First-round doubles 
   Anbel Medina Garrigues and Arantxa Parra Santonja (2), Spain, def. CiCi Bellis and Jacqueline Cako, United States, 6-4, 7-6 (4).
   Gabriela Dabrowski, Canada, and Alicja Rosolska (3), Poland, def. Aleksandra Krunic, Serbia, and Andrea Petkovic, Germany, 4-6, 7-6 (4) [12-10].
   Yi-Fan Xu and Saisai Zheng, China, def. Klaudia Jans-Ignacik, Poland, and Mirjana Lucic-Baroni, Croatia, 6-4, 3-6 [10-4].
Wednesday's schedule
Stadium Court
(Starting at 11 a.m.)
   Andrea Petkovic (6), Germany, vs. Mona Barthel, Germany.
(Not before 1 p.m.)
   Carla Suarez Navarro (3), Spain, vs. Alison Riske, United States.
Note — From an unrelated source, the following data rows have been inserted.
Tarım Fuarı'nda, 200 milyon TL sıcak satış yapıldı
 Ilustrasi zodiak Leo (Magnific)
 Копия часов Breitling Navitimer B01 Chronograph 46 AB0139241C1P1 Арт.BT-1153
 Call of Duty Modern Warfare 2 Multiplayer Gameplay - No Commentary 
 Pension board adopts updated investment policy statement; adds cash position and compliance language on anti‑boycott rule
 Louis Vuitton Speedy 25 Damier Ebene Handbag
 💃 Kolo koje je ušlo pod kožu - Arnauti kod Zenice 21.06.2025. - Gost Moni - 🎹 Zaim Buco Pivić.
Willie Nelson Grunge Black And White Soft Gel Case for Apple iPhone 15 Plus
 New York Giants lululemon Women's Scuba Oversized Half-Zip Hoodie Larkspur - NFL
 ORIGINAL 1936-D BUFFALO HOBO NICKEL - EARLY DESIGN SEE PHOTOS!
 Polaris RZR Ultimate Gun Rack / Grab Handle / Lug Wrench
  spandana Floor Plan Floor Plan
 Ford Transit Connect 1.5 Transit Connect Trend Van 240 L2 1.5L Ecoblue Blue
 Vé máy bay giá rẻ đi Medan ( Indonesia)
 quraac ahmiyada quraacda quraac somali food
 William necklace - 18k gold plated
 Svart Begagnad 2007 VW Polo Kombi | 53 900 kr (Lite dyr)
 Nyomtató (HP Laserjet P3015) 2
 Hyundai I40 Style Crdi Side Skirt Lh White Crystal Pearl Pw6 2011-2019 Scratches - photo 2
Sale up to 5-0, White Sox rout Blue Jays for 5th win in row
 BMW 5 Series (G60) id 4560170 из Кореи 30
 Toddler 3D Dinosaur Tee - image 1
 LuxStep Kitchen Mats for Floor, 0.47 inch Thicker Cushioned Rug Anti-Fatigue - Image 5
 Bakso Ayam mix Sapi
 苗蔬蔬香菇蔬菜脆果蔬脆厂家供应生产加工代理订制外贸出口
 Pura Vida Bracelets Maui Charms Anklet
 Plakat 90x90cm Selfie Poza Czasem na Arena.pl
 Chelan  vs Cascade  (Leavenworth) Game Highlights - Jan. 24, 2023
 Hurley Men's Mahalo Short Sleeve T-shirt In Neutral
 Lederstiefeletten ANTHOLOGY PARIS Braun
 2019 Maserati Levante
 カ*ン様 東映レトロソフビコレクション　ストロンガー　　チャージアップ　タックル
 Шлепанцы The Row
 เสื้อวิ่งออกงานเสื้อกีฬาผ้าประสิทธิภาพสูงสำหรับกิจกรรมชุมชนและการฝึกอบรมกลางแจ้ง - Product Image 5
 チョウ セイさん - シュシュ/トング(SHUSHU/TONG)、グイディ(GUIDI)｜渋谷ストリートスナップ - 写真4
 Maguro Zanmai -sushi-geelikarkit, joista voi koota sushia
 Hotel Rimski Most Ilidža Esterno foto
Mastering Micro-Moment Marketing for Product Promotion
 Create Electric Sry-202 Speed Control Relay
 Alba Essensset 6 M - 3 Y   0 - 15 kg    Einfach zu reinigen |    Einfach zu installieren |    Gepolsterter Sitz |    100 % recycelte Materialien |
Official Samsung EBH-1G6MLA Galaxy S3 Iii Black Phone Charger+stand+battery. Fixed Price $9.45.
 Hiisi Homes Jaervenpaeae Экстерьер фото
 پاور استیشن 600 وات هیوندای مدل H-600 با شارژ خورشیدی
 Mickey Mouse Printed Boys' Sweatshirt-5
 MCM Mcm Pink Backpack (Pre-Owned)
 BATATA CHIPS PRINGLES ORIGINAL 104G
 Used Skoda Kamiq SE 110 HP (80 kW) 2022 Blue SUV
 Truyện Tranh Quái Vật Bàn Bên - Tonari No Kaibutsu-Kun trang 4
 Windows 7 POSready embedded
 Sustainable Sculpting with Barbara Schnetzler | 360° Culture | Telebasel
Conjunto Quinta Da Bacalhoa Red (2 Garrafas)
   Raquel Kops-Jones and Maria Sanchez (4), United States, vs. Mona Barthel and Sabine Lisicki, Germany.
(Not before 7 p.m.)
   Madison Keys (7), United States, vs. Ajla Tomljanovic, Croatia.
   Elina Svitolina (8), Ukraine, vs. Nicole Gibbs, United States.
Court 6
(Starting at 2 p.m.)
   Chin-Wei Chan, Taiwan, and Darija Jurak, Croatia, vs. Vitalia Diatchenko, Russia, and Anna Tatishvili, United States.